I've also taken time to designing quite a few weapons/ships/etc. to more practical measures, and then making them look stylish. Some accidentally fall into the Awesome, But Impractical range (Bladeships, for example. Ship hulls are designed around bladed weapon for literal aerial melee combat, and guns/missiles are secondary to their design
Example - Sai Multirole Zipcraft.), and others Awesome, Yet Practical (Imagine an airship with thrust-vectoring, an energy beam weapon, and the capability of doing hairpin turns in mid-air (while firing said beam weapon), as well as supply enough crew to pilot a wing of defensive and supply craft along with manning all the gun batteries (hidden as part of the hull for design aesthetic and surprise attack/defense), supporting a dual-bridge for redundant control in case one gets disabled or destroyed as a weak point, carries an internal ballast system to support it's many types of maneuvers and is aerodynamic enough remain intact while doing a barrel roll or corkscrew maneuver to take out it's targets. You can barnstorm with this thing, despite it's size being comparable to a battleship. I think I also made it capable of going sub-orbital (for really fast global transit with minimal fuel cost from point-A to generally point-B (within a few miles accuracy)). It's insane (or OP) enough for me to label it as worthy of Flagship status.
Yes, I even took it upon myself to design my own font in the process like that. It looked cool, but got too difficult to read for others.
EDIT:
I also regularly use Microsoft Excel to make all sorts of things, either to make certain tasks, like accounting (Finance tracker, hourly income tracker + tax tracking, Freelance Business Invoicing; all self-produced, and more effective/efficient than purchasable software), easier; to build trivial calculators and such (hypothetical situations, logic puzzles, or inane trivial stuff like the human age of a car based on the miles put on it (I get bored)); or to chart the efficiency of certain tactics in TBS (like Civilization) or RTS games (like AOE2) by listing the time it takes to produce a unit, and with modifiers to speed it up, along with constructing buildings and with modifiers (depending also on how many units are dedicated to building at a time or overall), and the estimated overall cost of such tasks.
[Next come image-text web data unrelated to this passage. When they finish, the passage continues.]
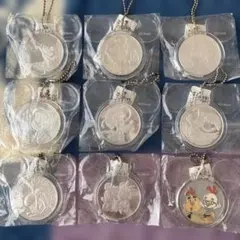 レア　非売品　ディズニーリゾート　メダルキーホルダー　9個セット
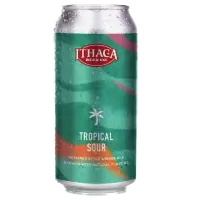 Ithaca Beer Co. Tropical Sour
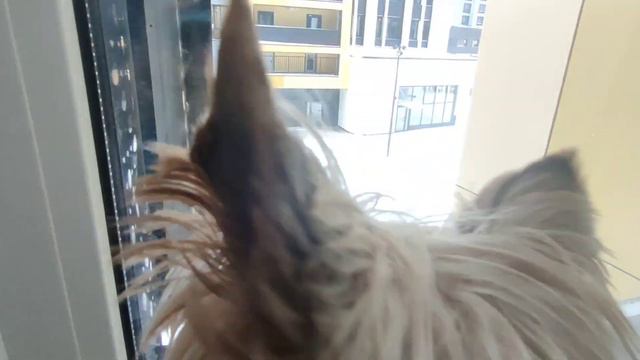 #vlog🐕Собачий Влог🐶 Что Арчик делает в выходные? смотреть онлайн
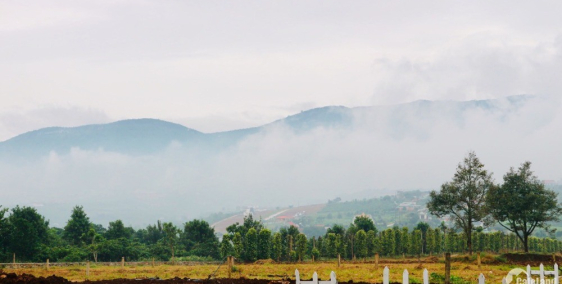 Bán đất nền nghỉ dưỡng Eden Hills Đà Lạt có SHR và tặng vuờn rau, hỗ trợ chăm só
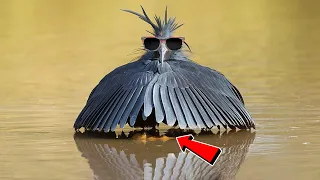 5 อันดับ สัตว์ที่มีวิธีการล่าเหยื่อแบบแปลกๆ  (Animals That Use Bizarre Methods To Their Prey)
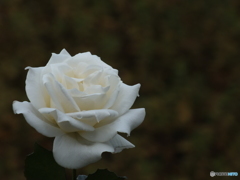 秋薔薇1
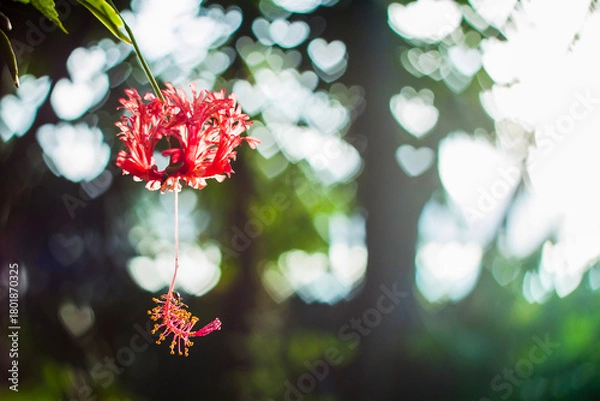 Obraz Flowers in Heart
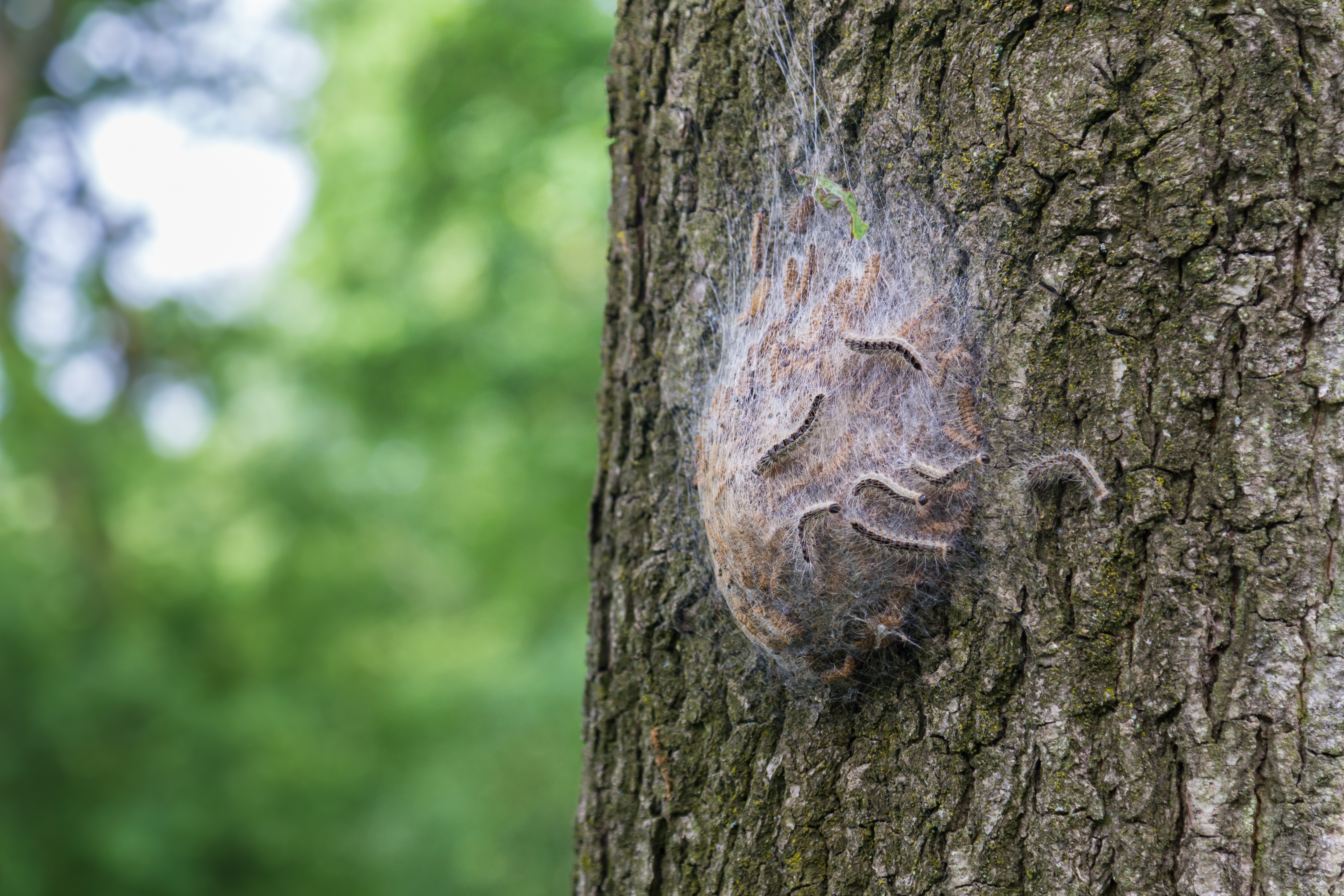 Oak Processionary Moth Thaumetopoea processionea Brochure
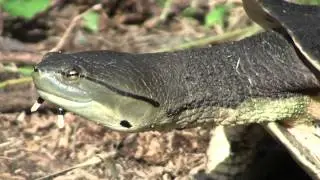 Tortuga de laguna/Side-necked Turtle - Roberto Ares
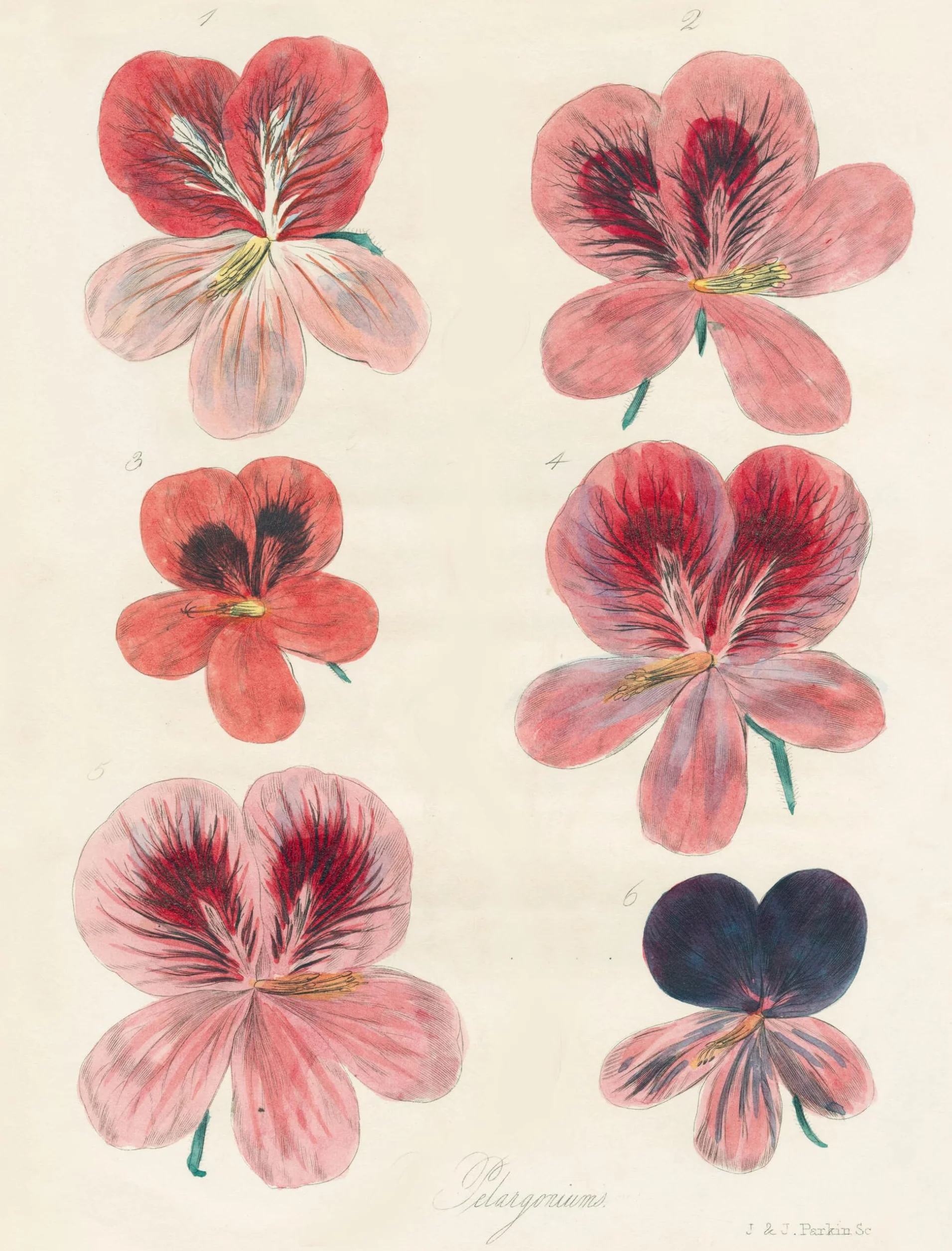 John Derian Paper Goods: Wrapping Paper & Gift Tags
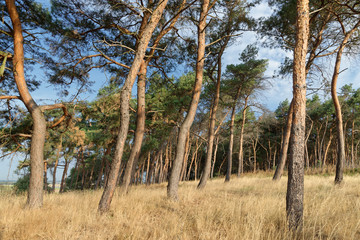 Wald mit gemeiner Kiefer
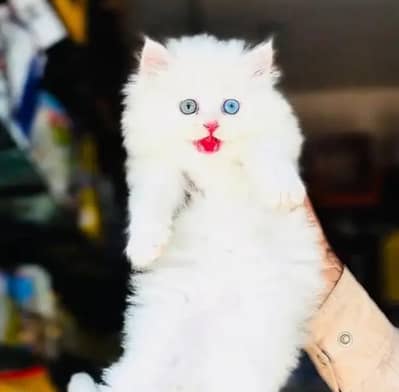 (Persian female kitten) (for sale all) (Pakistan delivery available)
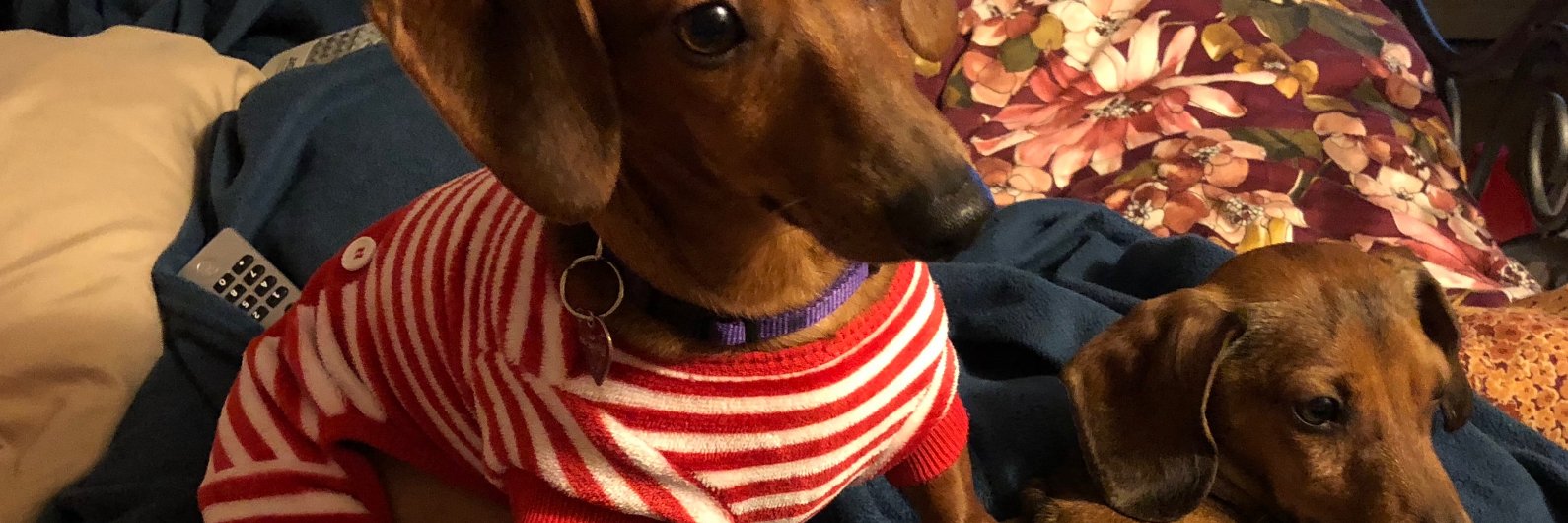 Brianna "Save the Elephants" Robinson 🐘 banner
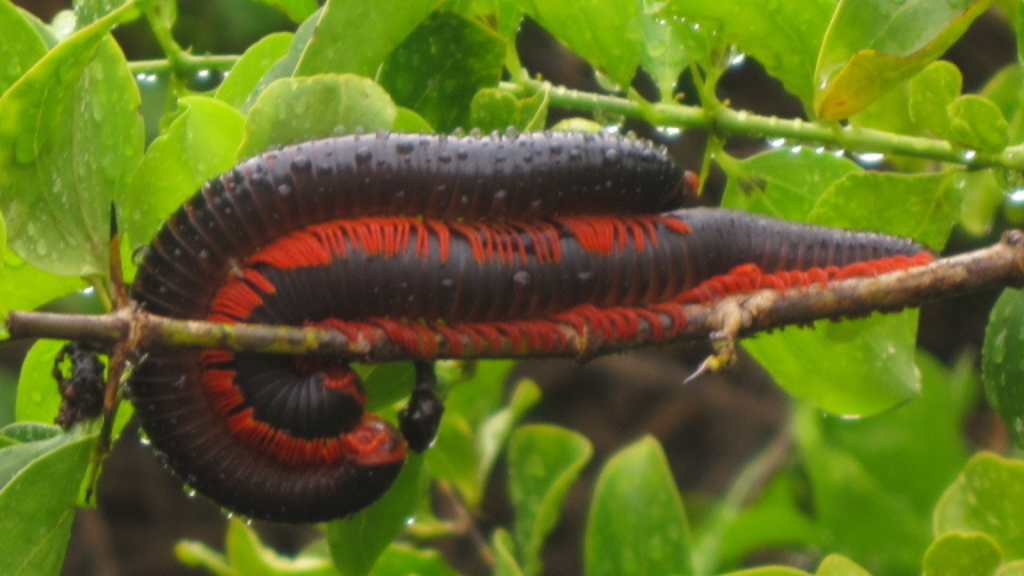 Giant African Millipede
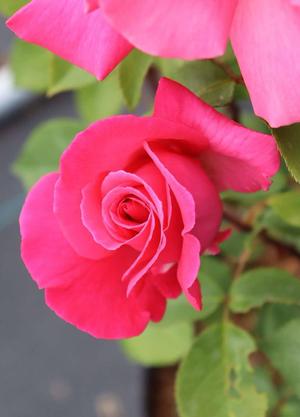 Rosa 'Prima Ballerina'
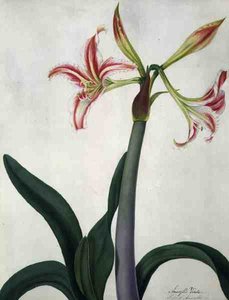 Amaryllis Vitata (akvarelli ja guassi lyijykynän päällä vellum)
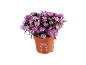 Pianta di aster novi-belgii in vaso arancione con fiori viola e foglie verdi.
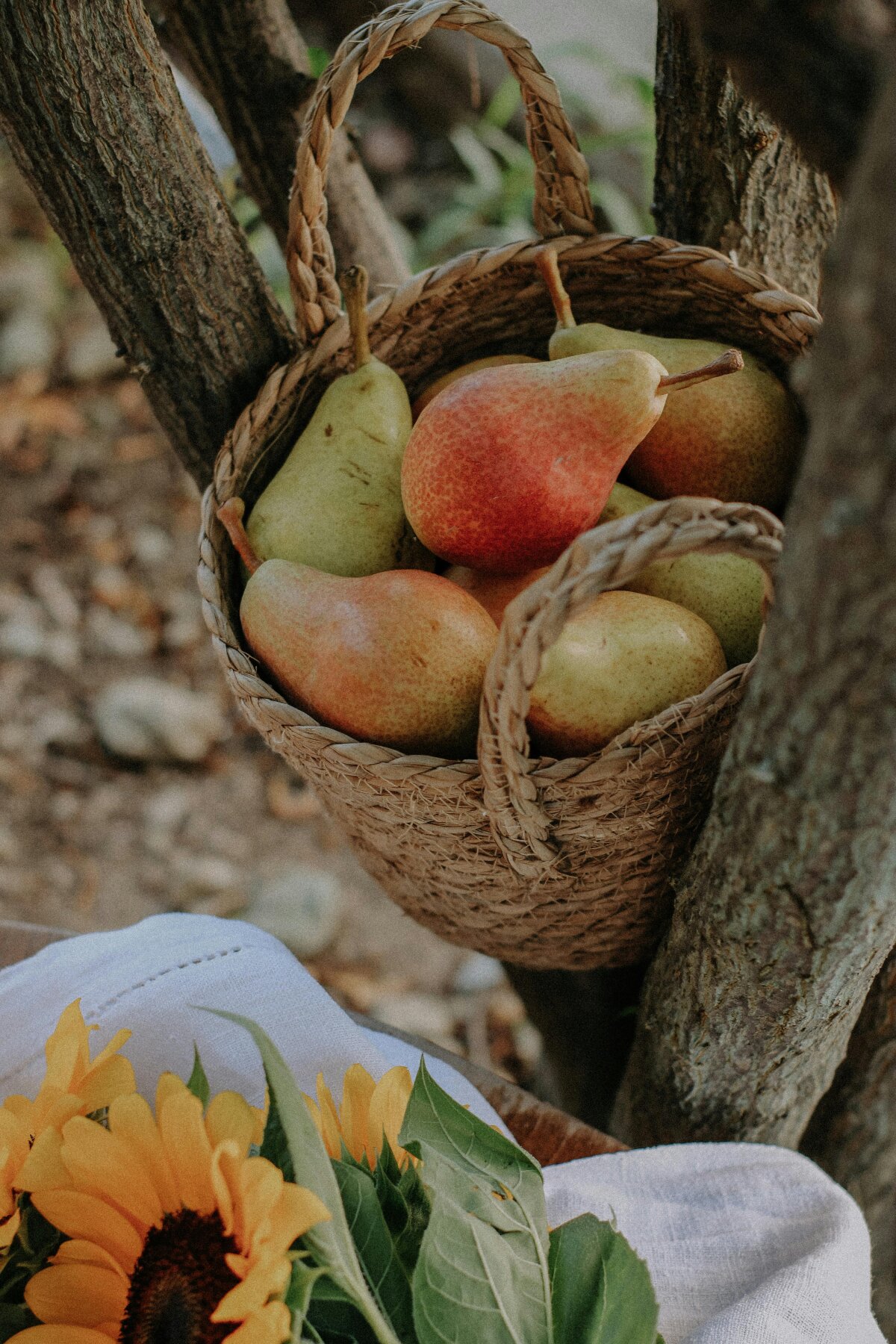 Capture What Matters: The Foundation of the Middle-Way Method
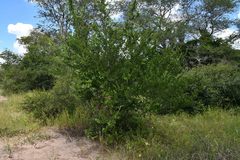 Cleistanthus schlechteri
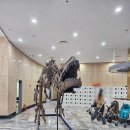 공룡민박 | [내돈내산] 전남 아이랑 가볼만한 곳! 보성 비봉공룡공원 가족 나들이 후기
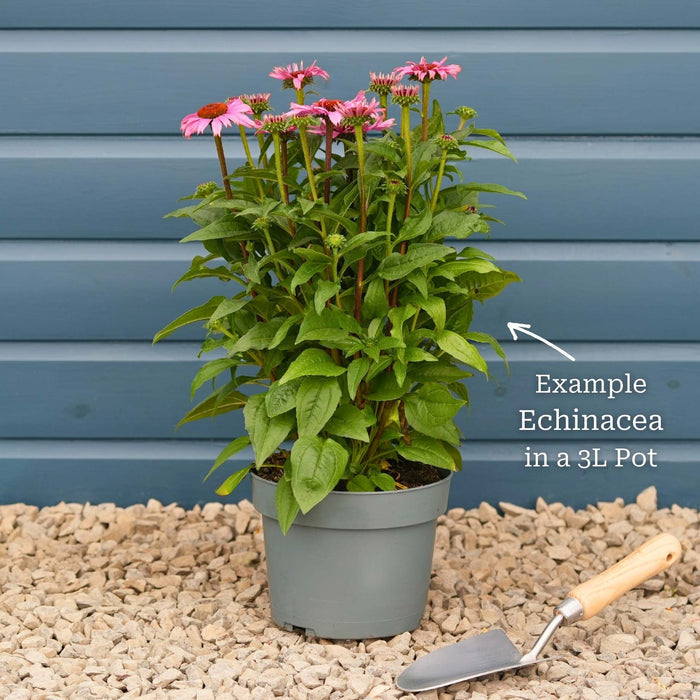 Echinacea 'SunSeekers Salmon' Perennial Bedding
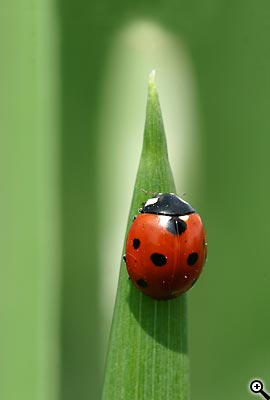 Tipy a Triky nejen pro začátečníky, díl 5. - Fotografujeme na jaře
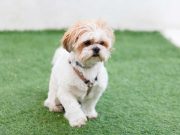 Les races de chien qui sont lents à comprendre races de chien qui ne comprennent pas vite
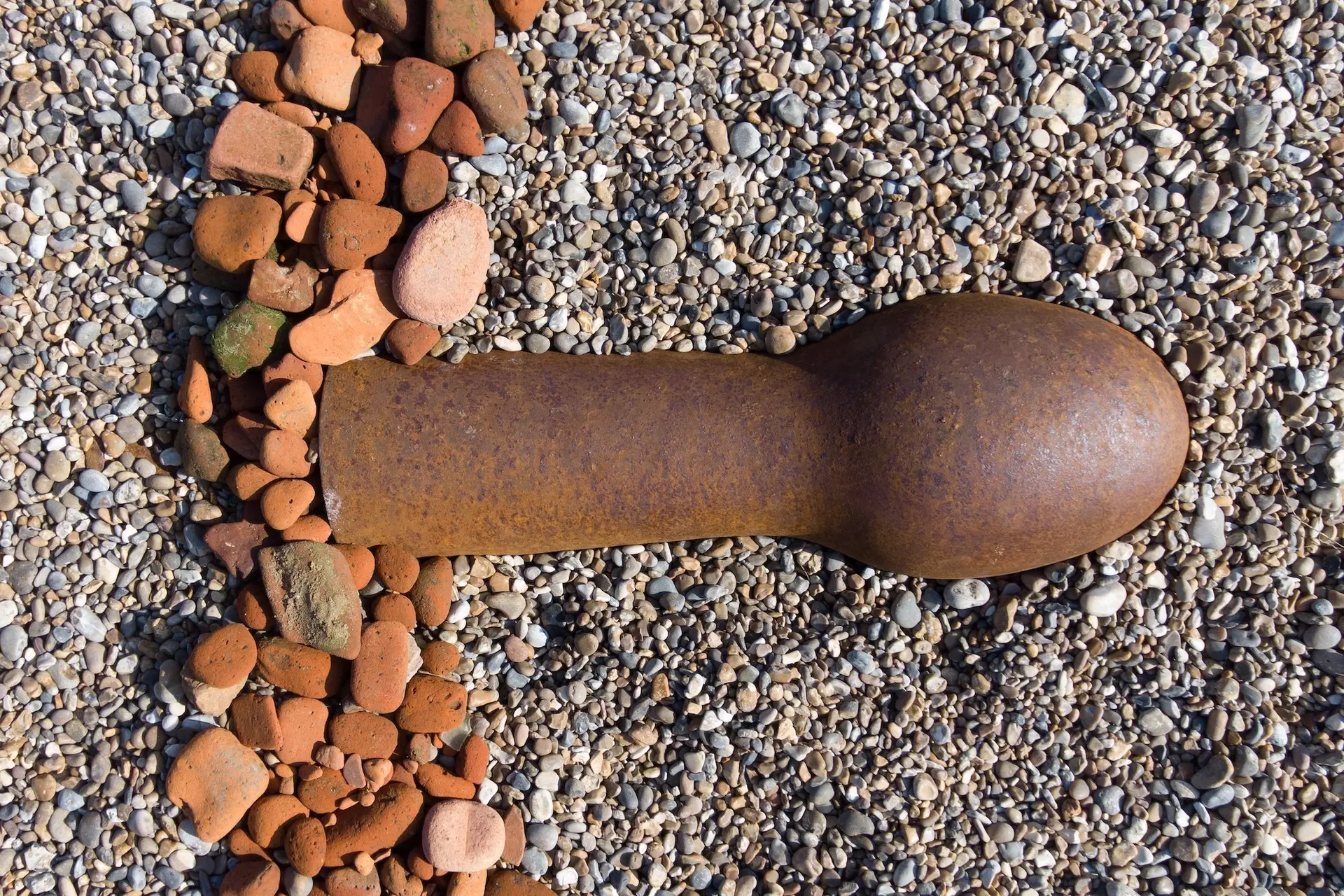 7 dingen die je niet weet over de penis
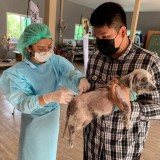 กิจกรรมรณรงค์ฉีดวัคซีนป้องกันโรคพิษสุนัขบ้า ตามโครงการสัตว์ปลอดโรค คนปลอดภัยจากโรคพิษสุนัขบ้า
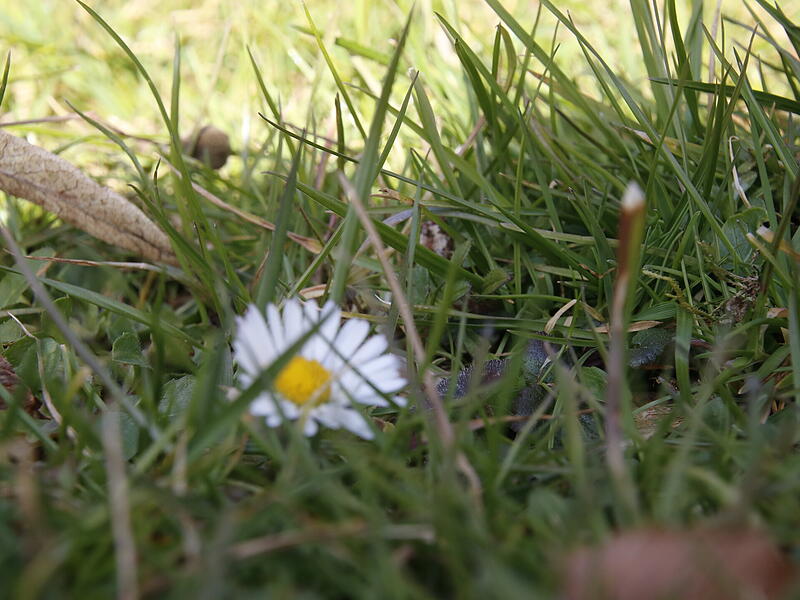 Die ersten Blumen blühen im KurgartenDie ersten Frühlingsboten in Bad Kissingen Die ersten Blumen blühen im Kurgarten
Deadly stuff when used correctly.
Sometimes, if I have a self-imposed challenge or a game-within-a-game for a game that's more free-form (like The Sims) or sandbox (like GTA); I also setup charts and scorecards and so forth to keep track of the stats or randomize tasks or whatever to keep it interesting. Or adapt other games that other people have established, set them as parameters, fill in a few blanks, and make the scoring that much easier to keep track of when playing, making them more fun than initially implied.
Those kinds of scorecards and such also make random games like sock golf (make a sock donut and get a cup and try and sink the shot using the house or yard as a golf course) more interesting because it tracks the score, and also you can allow modifiers/multipliers depending on certain other factors. That one Beer Pong like game that's sold in stores (that also features a deck of special shots to try out) got really fun when I allowed modifying certain trick shots with more difficulty (blind firing and such), and keeping track of those. Actually made the game even more fun in the long run.
EDIT EDIT:
I might eventually take up another attempt at the Airship Excalibur except in Blender this time (since I'm learning that). It's too awesome a project to work on to let go of.